Cuando vacaron de manera inmediata a Dina Boluarte, con la rapidez con la que el Estado actúa cuando le conviene, algunos temían por lo que podría pasar con ciertos activos claves financieros, como las acciones de empresas peruanas, la bolsa local y el dólar. En tiempos de volatilidad e incertidumbre política extrema, hemos visto cómo estos activos pueden ser impactados de forma importante en el corto plazo. El ejemplo más reciente fue cuando el Ministerio de Economía y Finanzas (MEF) se vio descabezado tras la elección de Guido Bellido como presidente del Consejo de Ministros del primer Gabinete de Pedro Castillo: no tener a un titular del MEF generó pánico en los mercados. Más de uno recordará que fue entonces cuando el precio del dólar rompió la barrera de los cuatro soles; mientras que la BVL retrocedió más de 6% en una sola jornada.
Recuerdos como estos hicieron que muchos se preguntaran si el inesperado proceso de vacancia podía acabar con la racha positiva del sol peruano, que se ha apreciado casi 9% frente al dólar en lo que va del 2025 (en un entorno de debilitamiento global de la divisa de EE.UU.). Pero ello nunca ocurrió. Mientras Jerí ingresaba a Palacio de Gobierno el viernes por la mañana, el tipo de cambio subía apenas 0,01 céntimos; una clara demostración de que a los corporativos les importaba poco o nada el impacto por el cambio de presidente en el plazo inmediato. El dólar subió un 0,2% frente al sol, en un contexto en el que el billete verde se recuperaba a nivel global y otras monedas de países emergentes se depreciaban con más fuerza. La bolsa local retrocedió (-0,4%) a un nivel poco relevante para el contexto, y otros activos peruanos se comportaban como si en el país no hubiese pasado nada.

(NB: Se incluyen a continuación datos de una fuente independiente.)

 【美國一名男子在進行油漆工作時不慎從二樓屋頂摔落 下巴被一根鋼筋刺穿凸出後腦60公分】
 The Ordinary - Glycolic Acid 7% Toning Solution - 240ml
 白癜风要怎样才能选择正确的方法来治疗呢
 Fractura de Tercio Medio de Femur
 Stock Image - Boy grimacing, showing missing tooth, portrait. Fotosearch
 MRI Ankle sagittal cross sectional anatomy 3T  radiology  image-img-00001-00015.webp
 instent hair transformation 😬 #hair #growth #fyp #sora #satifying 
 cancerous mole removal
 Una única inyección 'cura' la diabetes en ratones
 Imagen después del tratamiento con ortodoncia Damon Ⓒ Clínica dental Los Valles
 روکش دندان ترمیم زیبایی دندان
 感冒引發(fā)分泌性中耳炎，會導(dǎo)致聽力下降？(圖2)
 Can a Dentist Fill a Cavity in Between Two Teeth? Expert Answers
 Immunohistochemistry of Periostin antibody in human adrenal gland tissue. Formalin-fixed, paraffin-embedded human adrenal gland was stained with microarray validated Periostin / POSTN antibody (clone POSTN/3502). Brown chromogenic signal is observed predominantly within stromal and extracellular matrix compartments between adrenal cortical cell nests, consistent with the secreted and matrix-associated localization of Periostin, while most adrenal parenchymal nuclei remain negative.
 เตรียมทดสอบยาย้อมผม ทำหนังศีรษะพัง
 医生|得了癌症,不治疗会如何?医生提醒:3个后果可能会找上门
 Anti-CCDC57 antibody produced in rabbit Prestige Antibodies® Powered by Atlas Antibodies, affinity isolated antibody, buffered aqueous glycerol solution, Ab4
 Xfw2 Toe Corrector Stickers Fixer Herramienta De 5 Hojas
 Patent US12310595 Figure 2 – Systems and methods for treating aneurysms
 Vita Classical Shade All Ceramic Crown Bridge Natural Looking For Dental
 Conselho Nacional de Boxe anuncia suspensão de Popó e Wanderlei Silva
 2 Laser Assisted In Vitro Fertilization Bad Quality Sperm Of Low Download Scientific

En un contexto de completa inestabilidad política y constantes cambios presidenciales, el patrón de comportamiento del Perú ha sido calificado como una “crisis funcional” por la SAB Renta 4, que diagnostica que, pese al caos, el país mantiene su atractivo como terreno de inversión en el mediano plazo, sostenido estabilidad monetaria, fiscal, y, en particular, por un banco central sólido, donde la figura de Julio Velarde se mantiene a prueba de todo. Desde que está al mando del BCR, Velarde ha visto pasar a ocho presidentes. Su presencia, qué duda cabe, es una de las claves para que los mercados sigan confiando en el panorama económico del país. De cara al 2026, cuando Velarde (posiblemente) esté de salida, el movimiento de los mercados dependerá de las tendencias electorales. Pero, por ahora, la marea luce estable.
Vivir en un país con políticos poco serios, con un manejo imprevisible y hasta cómico por momentos, no es motivo de orgullo para nadie. Pero de no existir los escudos que hacen resiliente a nuestra economía, querido lector, es muy seguro que el escenario sería mucho peor. Vale la pena agradecer a quienes construyeron una macroeconomía sólida y fuerte en los últimos 30 años; pero a la vez es necesario advertir que el rumbo del país debe cambiar… antes que sea muy tarde.